About this task: When a picture appears in the listing, leave it out and copy the rest exactly as it stands.

Data:
--------------------
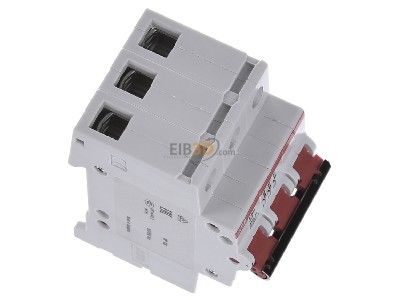 View top left ABB E203/45R Off switch for distributor 3 NO 0 NC 
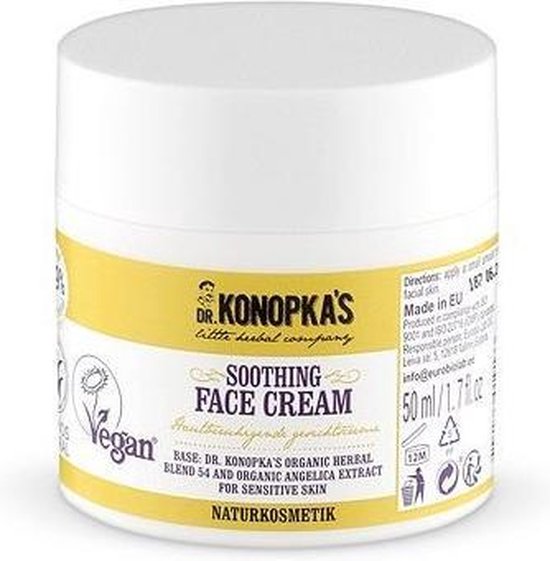 Dr. Konopka's Face Cream Soothing, 50 ml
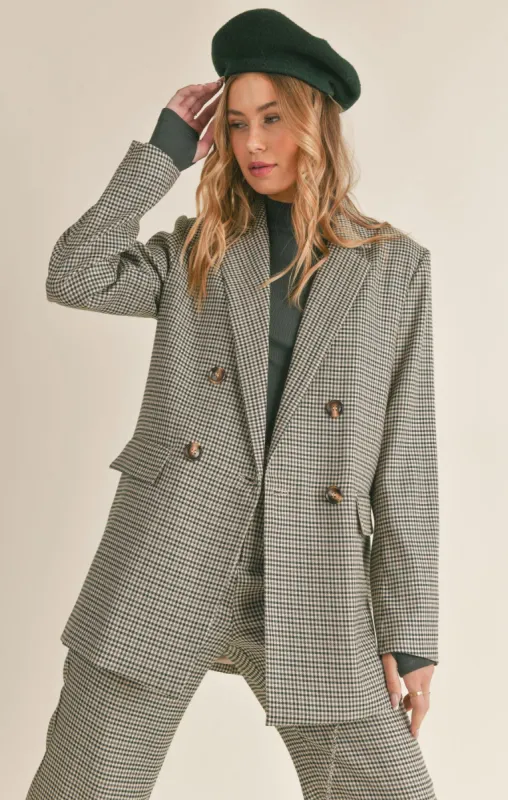 Tavi Blazer made by Sadie & Sage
--------------------
Answer space:
 View top left ABB E203/45R Off switch for distributor 3 NO 0 NC 
 Dr. Konopka's Face Cream Soothing, 50 ml
 Tavi Blazer made by Sadie & Sage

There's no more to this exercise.